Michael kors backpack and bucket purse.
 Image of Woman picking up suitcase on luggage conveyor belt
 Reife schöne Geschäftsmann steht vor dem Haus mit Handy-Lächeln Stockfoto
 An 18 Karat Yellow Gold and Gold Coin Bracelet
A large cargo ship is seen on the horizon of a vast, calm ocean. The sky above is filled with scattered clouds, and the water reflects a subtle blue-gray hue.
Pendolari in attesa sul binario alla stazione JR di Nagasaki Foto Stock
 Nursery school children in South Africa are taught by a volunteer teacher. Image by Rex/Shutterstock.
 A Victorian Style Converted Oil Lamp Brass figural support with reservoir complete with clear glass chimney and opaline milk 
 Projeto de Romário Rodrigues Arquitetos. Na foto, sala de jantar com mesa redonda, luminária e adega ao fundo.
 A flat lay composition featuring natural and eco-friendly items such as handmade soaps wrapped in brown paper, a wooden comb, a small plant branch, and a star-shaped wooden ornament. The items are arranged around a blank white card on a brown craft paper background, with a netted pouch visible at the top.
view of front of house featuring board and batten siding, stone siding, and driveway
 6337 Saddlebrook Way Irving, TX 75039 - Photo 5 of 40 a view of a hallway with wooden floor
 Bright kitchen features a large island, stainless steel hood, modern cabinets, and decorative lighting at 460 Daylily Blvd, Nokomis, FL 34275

--

• _INSTRUCTIONS TO FOLLOW_:
Which lines in the data above hold the string "featuring"? Show each one.

• _SOLVED EXERCISE_:
 A flat lay composition featuring natural and eco-friendly items such as handmade soaps wrapped in brown paper, a wooden comb, a small plant branch, and a star-shaped wooden ornament. The items are arranged around a blank white card on a brown craft paper background, with a netted pouch visible at the top.
view of front of house featuring board and batten siding, stone siding, and driveway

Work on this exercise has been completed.